#### [Data for analysis]
• • • • • • •

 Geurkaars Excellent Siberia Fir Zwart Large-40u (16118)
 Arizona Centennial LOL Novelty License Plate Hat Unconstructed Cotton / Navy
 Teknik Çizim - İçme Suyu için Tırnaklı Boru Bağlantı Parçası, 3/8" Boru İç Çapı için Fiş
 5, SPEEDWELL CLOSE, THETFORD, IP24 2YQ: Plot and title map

• • • • • • •

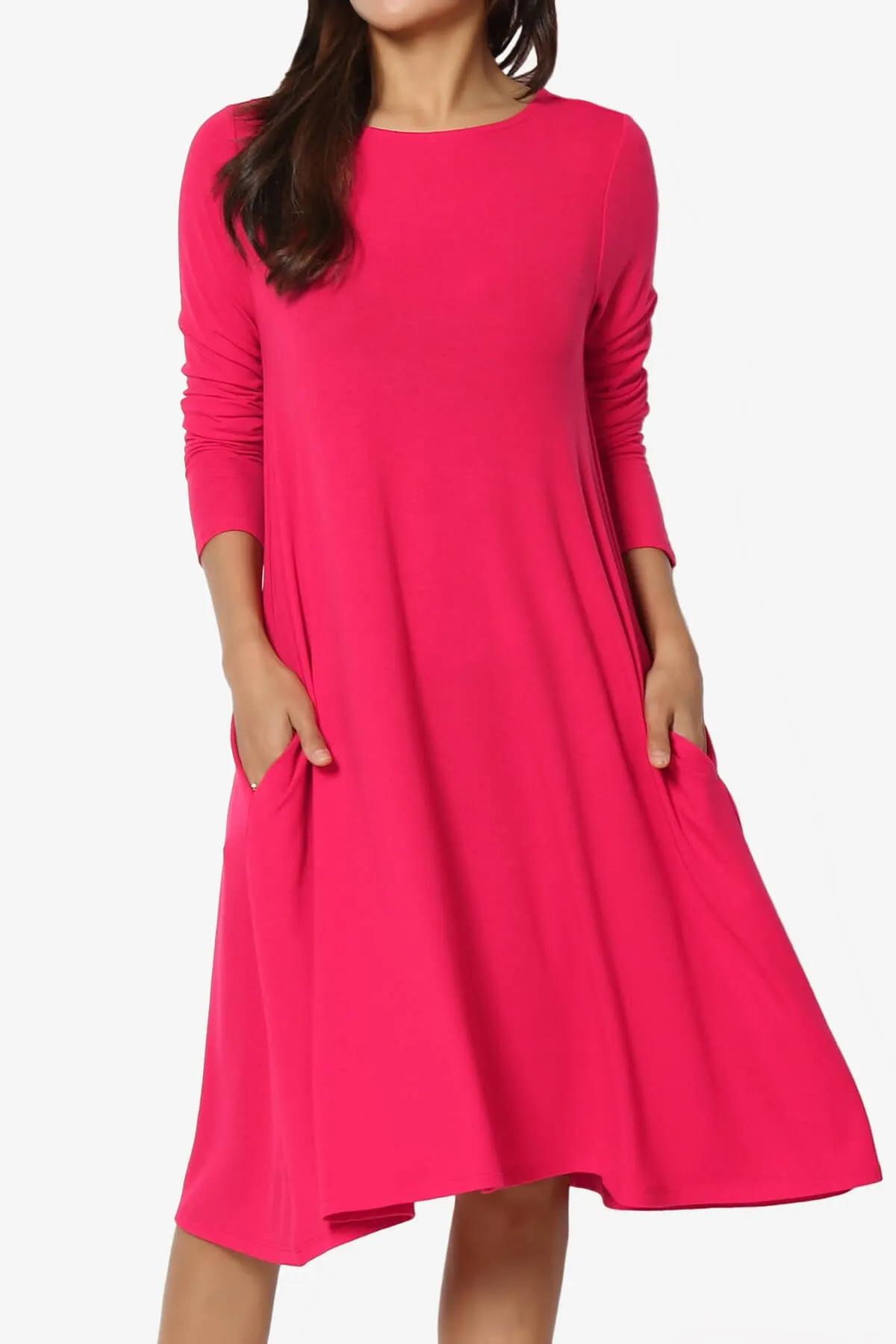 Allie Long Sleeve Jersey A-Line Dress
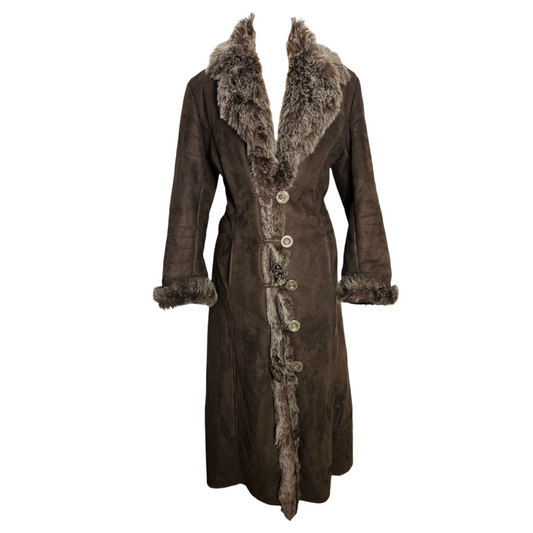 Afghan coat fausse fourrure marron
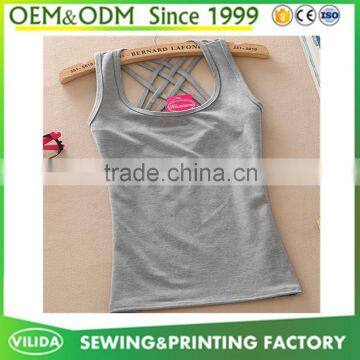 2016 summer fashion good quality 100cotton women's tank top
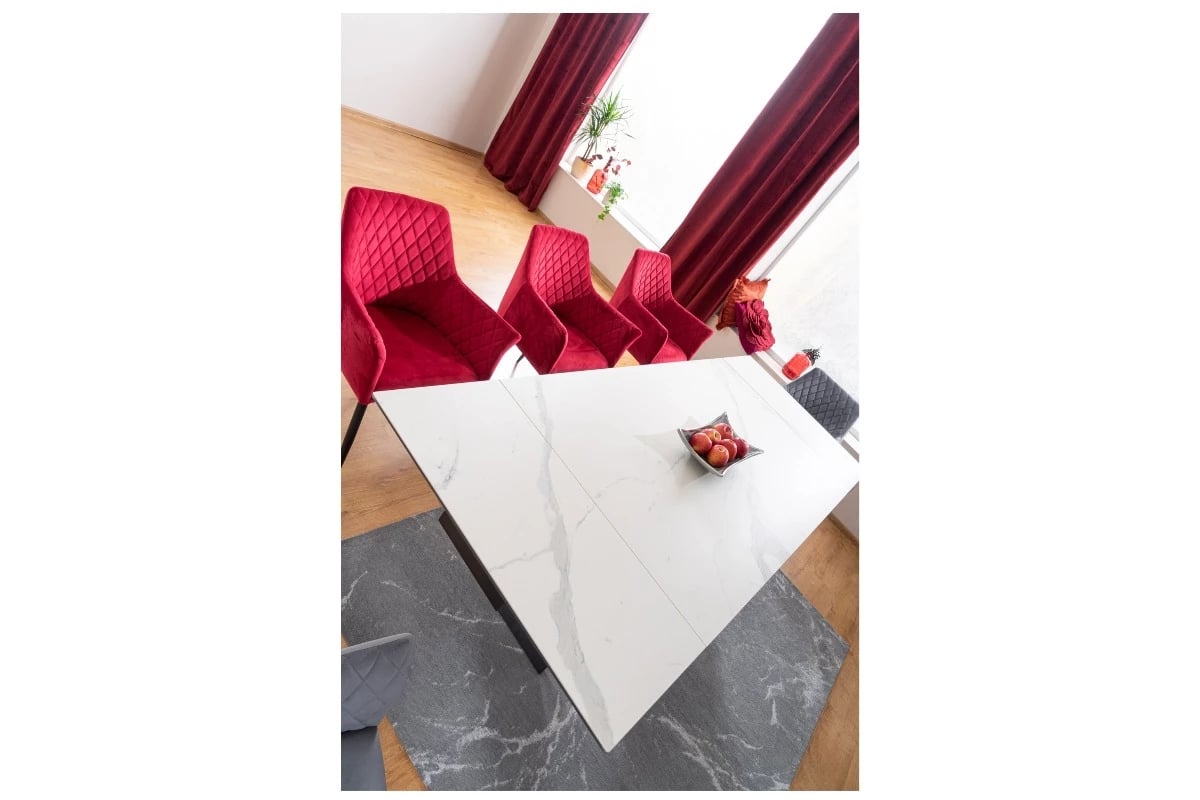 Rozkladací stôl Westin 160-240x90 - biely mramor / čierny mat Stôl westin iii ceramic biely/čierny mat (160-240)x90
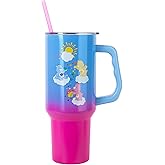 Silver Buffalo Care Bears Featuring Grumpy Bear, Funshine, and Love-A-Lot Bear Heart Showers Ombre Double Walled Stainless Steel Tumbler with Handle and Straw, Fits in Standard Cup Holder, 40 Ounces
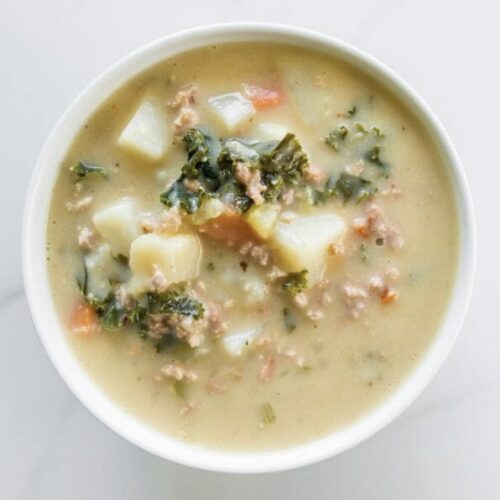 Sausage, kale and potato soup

• • • • • • •

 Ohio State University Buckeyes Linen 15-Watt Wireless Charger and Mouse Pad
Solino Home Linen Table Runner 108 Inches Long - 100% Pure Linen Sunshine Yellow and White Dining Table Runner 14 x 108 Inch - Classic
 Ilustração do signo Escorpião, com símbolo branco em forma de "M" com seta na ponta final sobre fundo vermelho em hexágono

• • • • • • •

#### [Problem details]
Transcribe each line of the data above, unaltered, from the one where "Teknik Çizim - İçme" appears to the one where "5, SPEEDWELL CLOSE, THETFORD, IP24" appears, inclusive of both.

#### [The answer]
 Teknik Çizim - İçme Suyu için Tırnaklı Boru Bağlantı Parçası, 3/8" Boru İç Çapı için Fiş
 5, SPEEDWELL CLOSE, THETFORD, IP24 2YQ: Plot and title map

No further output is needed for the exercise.